Thursday 1 November 2012

A week home alone!

Thursday 1.16 p.m.
                              I meditated this morning for two and a half hours without changing position. This means that the jumpiness from the nicotine withdrawal has largely abated.
                               There are five sheaths mentioned in yoga. The bliss sheath is the third sheath. The fourth sheath is where your I-consciousness dissolves into the ocean of consciousness. I've been getting the odd intimation of this here and there, and I hope that's something I can get to when I go to the Holy Isle.
                                Why would anyone ever want to go into permanent retreat, the kind you die in, the kind you might be walled in for, Hotboy?

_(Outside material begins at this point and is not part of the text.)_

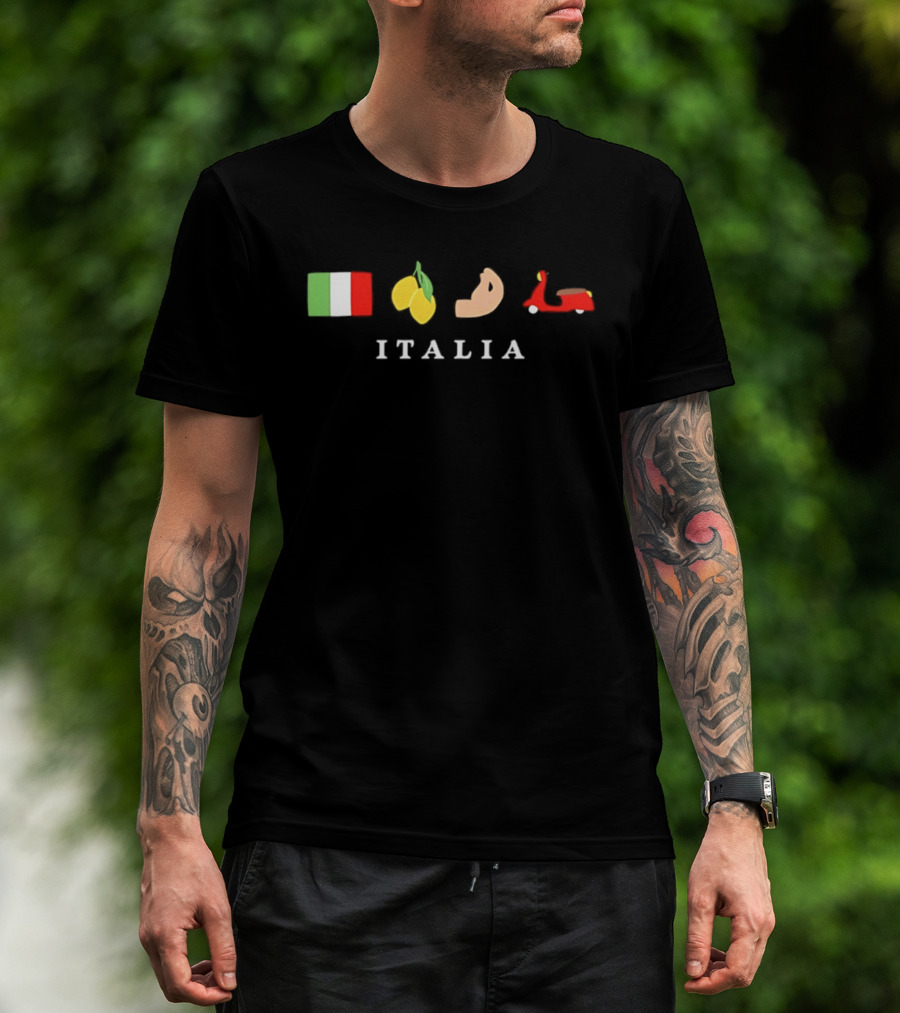 Italia Flag Lemons Bicep Vespa T-Shirt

Well, Jack, you might be able to get into samadhi, which is the fifth sheath, and that might feel so, so amazingly wonderful that there wouldn't seem to be much point in doing anything else, or hanging about in places where everyone else acts like a moron, and wanders around with their heads stuck up their backsides. Hmmm? Maybe still got a wee while to go with the nicotine.
                                I have to speak to folk today. I've been three days on my ownio, just speaking to shopkeepers and that. Just now I'm settling into it, but I have to go forth and interact today. Tomorrow I'll be going to Bellshill. God protect us from the flatheids!